→ Exercise description
Please return only the lines from the one showing "Fox Carp Winter Suit| Maat XXXL" to the end of the entries, keeping both ends and dropping every picture.
***
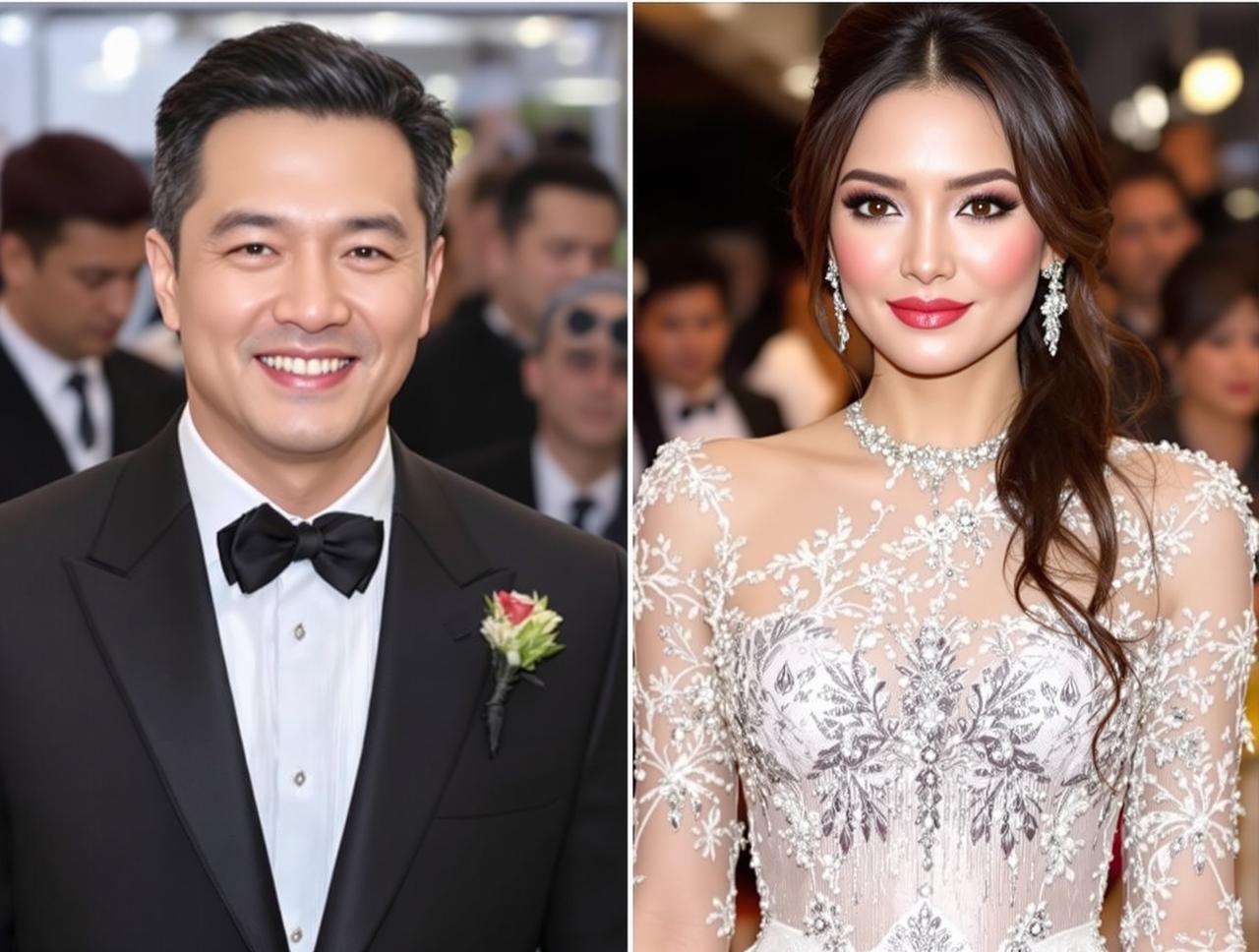 视频爆料:某超模与知名企业家闪婚,仅相识三个月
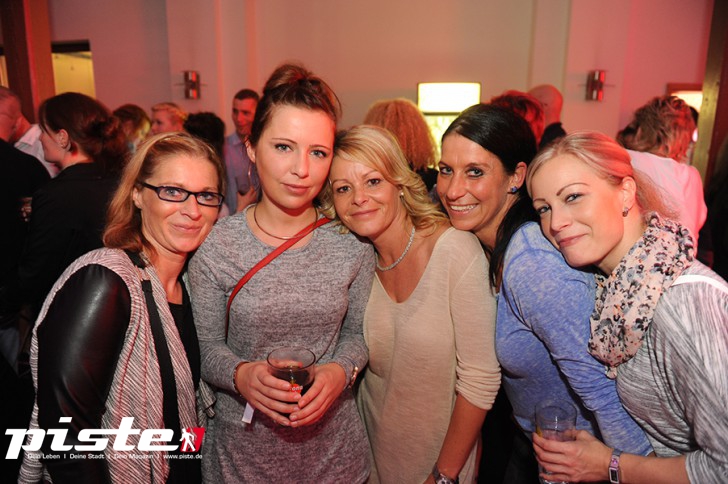 25 Jahre piste Party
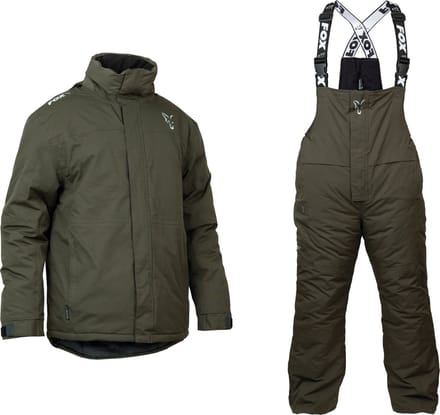 Fox Carp Winter Suit| Maat XXXL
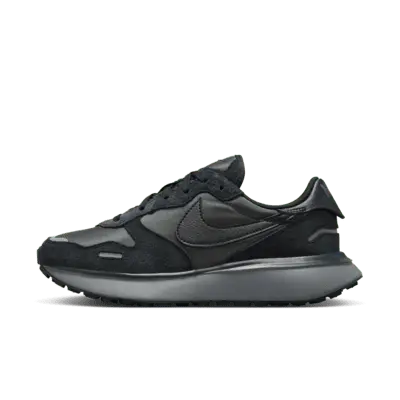 

Кроссовки Nike Phoenix Waffle, цвет Anthracite/Off Noir/Smoke Grey/Black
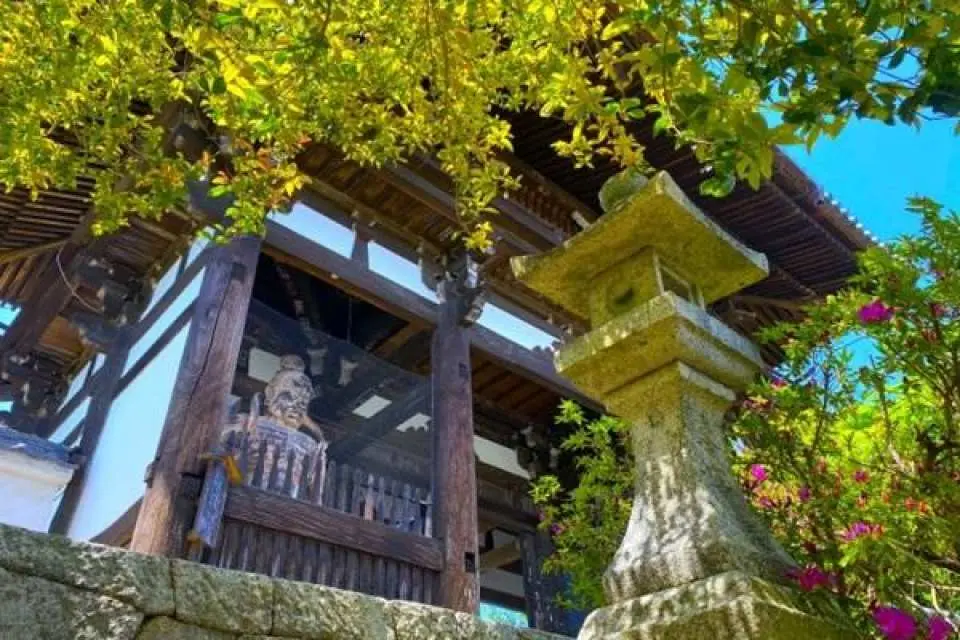 當麻寺（イメージ）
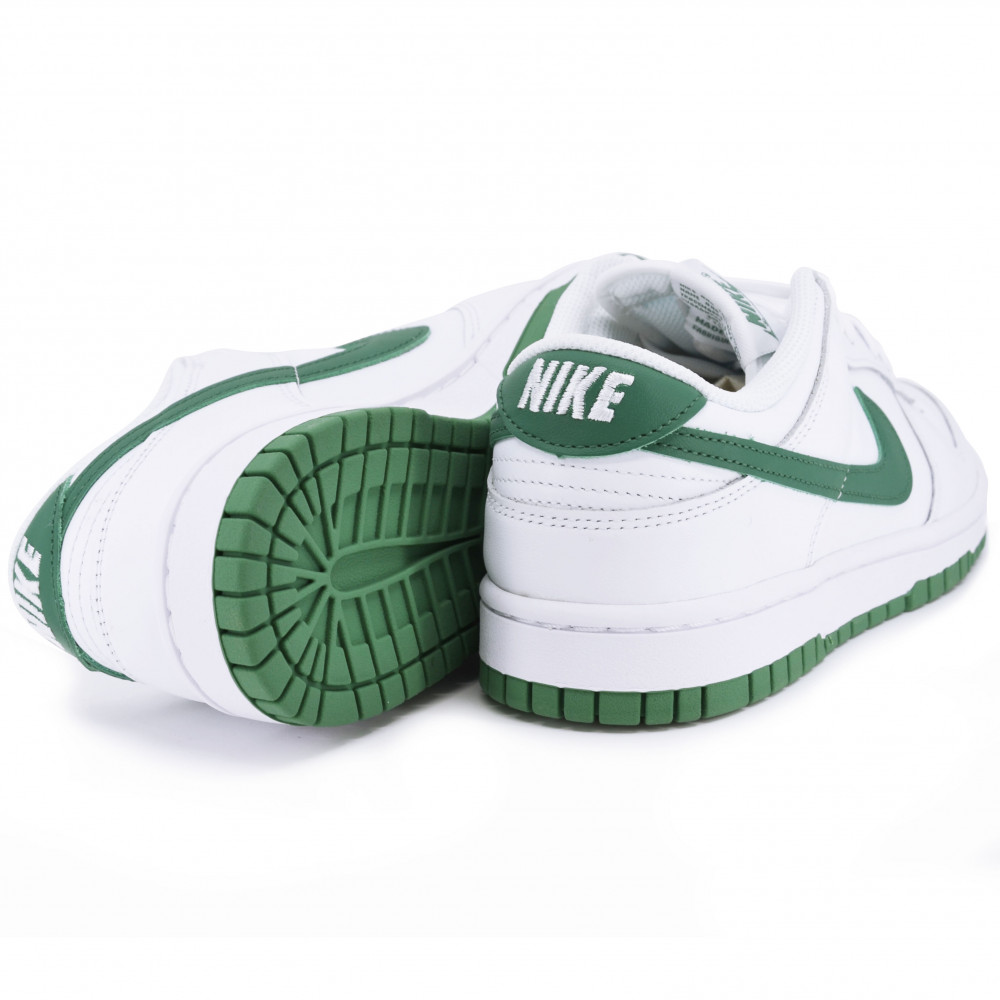 Nike Dunk Low WMNS (White Lucky Green)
***
→ Finished task
 Fox Carp Winter Suit| Maat XXXL

Кроссовки Nike Phoenix Waffle, цвет Anthracite/Off Noir/Smoke Grey/Black
 當麻寺（イメージ）
 Nike Dunk Low WMNS (White Lucky Green)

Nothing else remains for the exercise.